Federica Mogherini and Serbia's Aleksandar Vučić at the 2015 Western Balkans Summit, Credit: EEAS (CC BY-NC 2.0)

Romania, which took over the EU presidency in January, is seeking to maintain the region on its agenda. It is understandable why consecutive EU presidencies keep enlargement on their priority list. Enlargement is strategically important for the Union as a whole, because the Western Balkans continue to be crucial for the security of the EU's borders.

Brussels cannot ignore the fact that challenges such as migration, concerns over radicalisation, organised crime and the arms trade have an important impact on Euro-Atlantic security. European Parliament President Tajani said during his visit to Serbia last year, "Your security is our security," while Juncker warned, "Not too long ago, the region saw a fierce war. If we take away the Western Balkans' accession perspective, that could soon repeat itself."

Moreover, the slow progress of EU engagement with the region over recent years has encouraged other players, notably Russia, Turkey, and China, to get more involved. Serbia and Montenegro have a historically close relationship with Moscow, as demonstrated by President Vladimir Putin's visit to Belgrade on 17 January.

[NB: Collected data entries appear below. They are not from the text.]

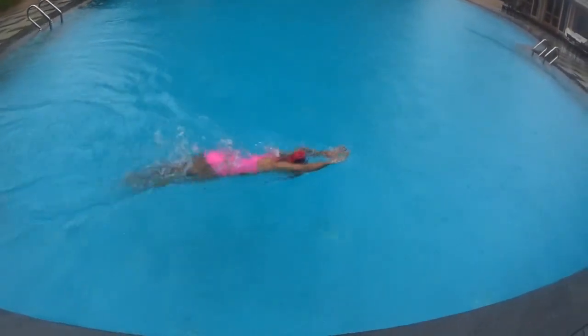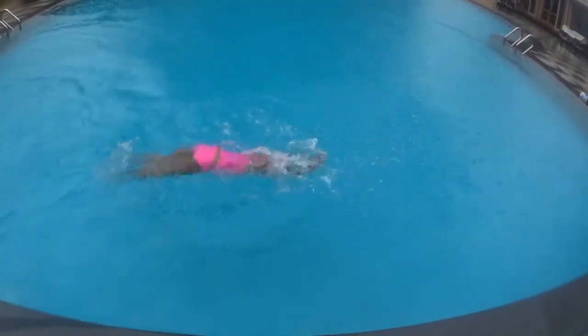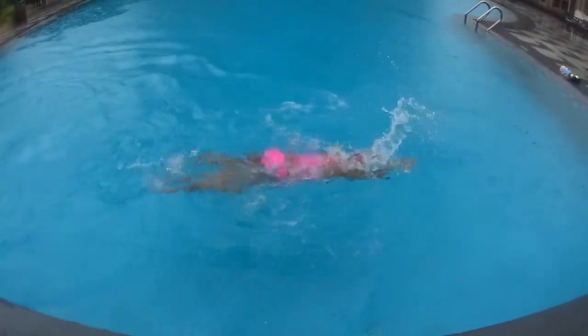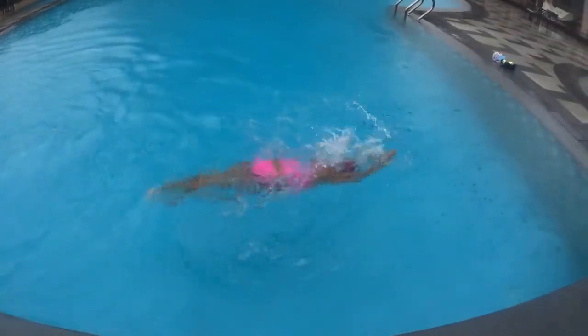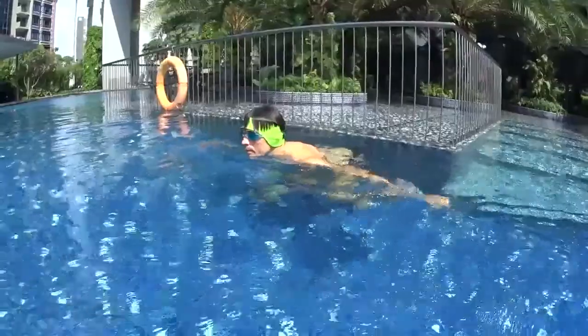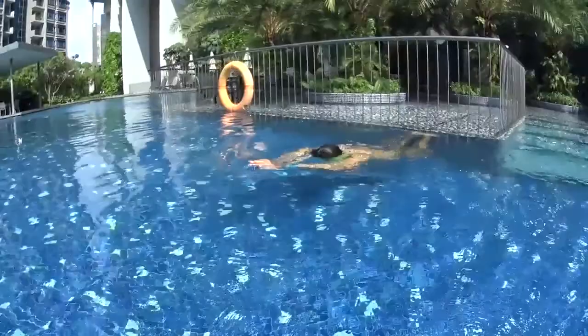Push on the wall and glide. One dolphin, two dolphin — move both hands. One dolphin, two dolphin — move both hands. And breathe. One dolphin, two dolphin. One dolphin, two dolphin. Breathe. Try to relax and to feel the movement natural in the water.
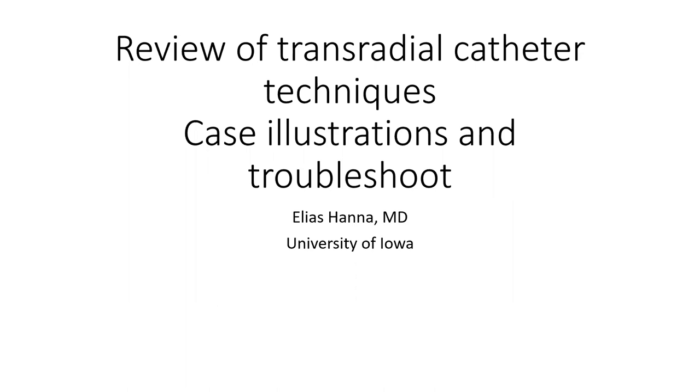I will be reviewing today some radial techniques for left and right coronary engagement and LIMA. I have been observing what mistakes fellows make at this stage and what basic tips they keep forgetting. I have put together videos of catheter manipulations and troubleshooting. I will ask you to think about the next step throughout those videos and how to correct the handling of the catheters.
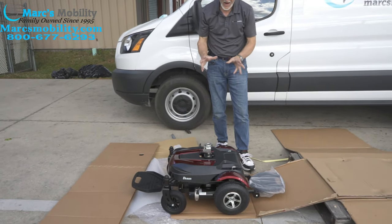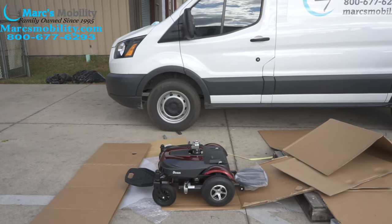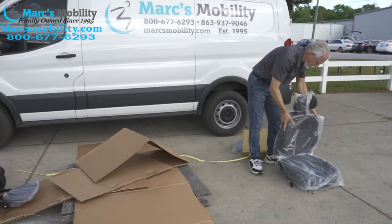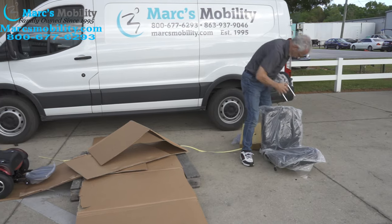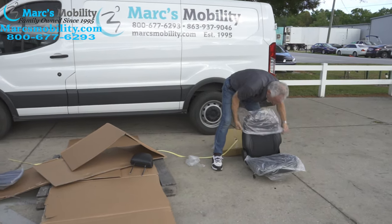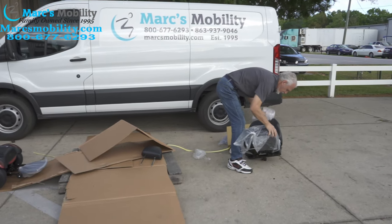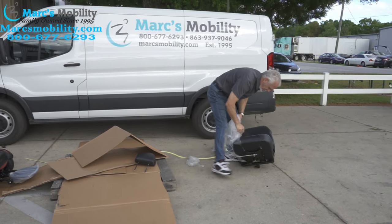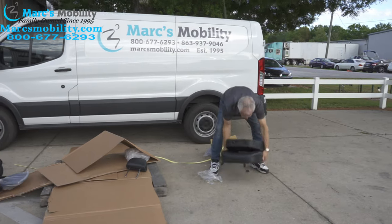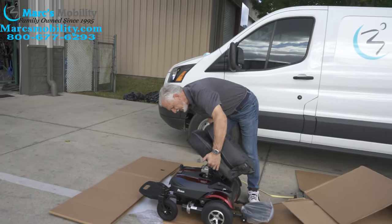Now we've got the chair, we have power, everything's connected. What we're going to do now is take our seat. I'm going to take the plastic off the seat while I'm at it. I'm going to take the headrest off and do it the right way — take the plastic off. Pull the plastic off the back. This is a Captain's seat, so I'm going to fold it down for now so you can see the bottom. You're going to bring this chair and put the seat on the post — it'll slide right down.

Feeling threatened by the EU's enlargement towards its traditional spheres of influence in Eastern Europe, Russia has been showing interest in building stronger connections with the Balkans. Although Moscow's actual political and economic attractiveness remains limited compared to the EU, Brussels will have more leverage in the region if it is prepared to engage with and respond to these external challenges.

The obstacles on the road to accession

The rationale for the Enlargement Strategy and other EU efforts is clear, but whether they have produced the desired results, or whether they will be effective in the near future, is debatable.

There is a whole laundry list of challenges in the region, the two main ones being the need for reforms and good neighbourly relations. For Serbia, the major obstacle is normalisation of relations with Kosovo, with the EU expecting to see a legally-binding agreement before Belgrade can finalise its accession. Border disputes remain unresolved, and the EU has been clear that it does not intend to import these conflicts. It already has to deal with tensions between two EU members, Slovenia and Croatia, who are unable to resolve their border issue.

Dealing with these problems will likely take many years, which leads to another challenge: accession fatigue. With the process having already taken a prolonged period of time, citizens of many Western Balkan countries are growing increasingly tired of politicians pushing for reforms, while not meeting expectations. In 2018, according to the Balkan Opinion Barometer, 26 per cent of the region's population believed that accession will never happen, 14 per cent expected accession to be in 2030, 24 per cent said it would happen in 2025, and only 12 per cent said 2020. While these dynamics vary from country to country, rising Euroscepticism should be counted as a challenge.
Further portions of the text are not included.